**REQUIREMENT**
Both the line with "build a custom" and the line with "Luxurious Chandelier Gauges" in the records below must appear in the output, along with every line between them, exactly and with nothing added.

BEGIN DATA FOR ANALYSIS

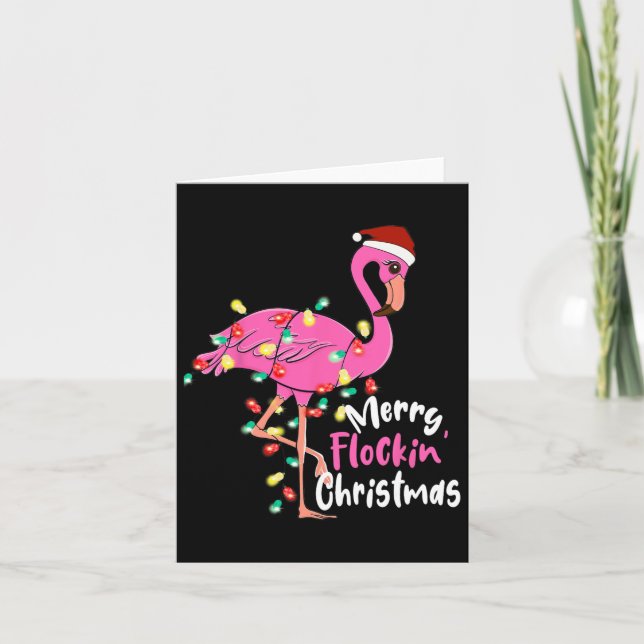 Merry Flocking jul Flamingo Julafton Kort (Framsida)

END DATA FOR ANALYSIS
BEGIN DATA FOR ANALYSIS

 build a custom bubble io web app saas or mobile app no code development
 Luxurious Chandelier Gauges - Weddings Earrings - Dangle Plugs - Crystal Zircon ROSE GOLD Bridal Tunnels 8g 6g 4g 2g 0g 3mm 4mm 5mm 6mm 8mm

END DATA FOR ANALYSIS
BEGIN DATA FOR ANALYSIS

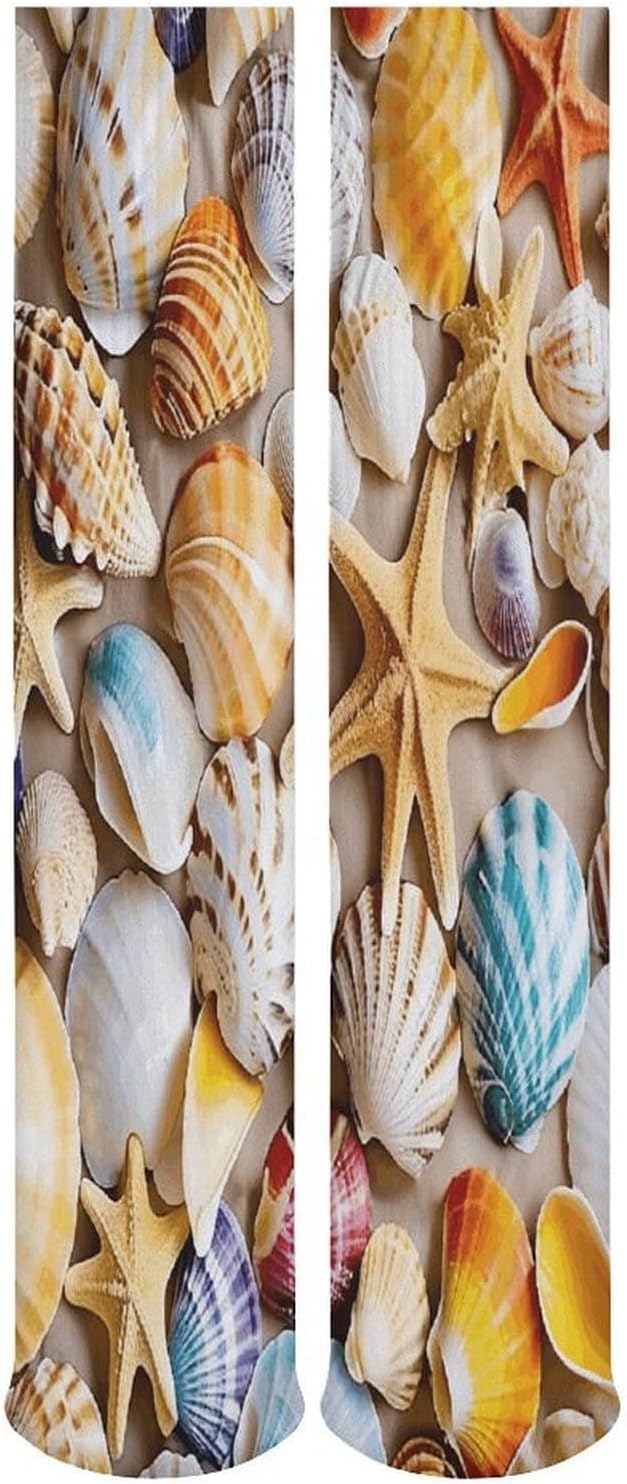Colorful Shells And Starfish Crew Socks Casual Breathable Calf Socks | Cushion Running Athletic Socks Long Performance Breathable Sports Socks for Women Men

END DATA FOR ANALYSIS

**OUTPUT FOR THIS EXERCISE**
 build a custom bubble io web app saas or mobile app no code development
 Luxurious Chandelier Gauges - Weddings Earrings - Dangle Plugs - Crystal Zircon ROSE GOLD Bridal Tunnels 8g 6g 4g 2g 0g 3mm 4mm 5mm 6mm 8mm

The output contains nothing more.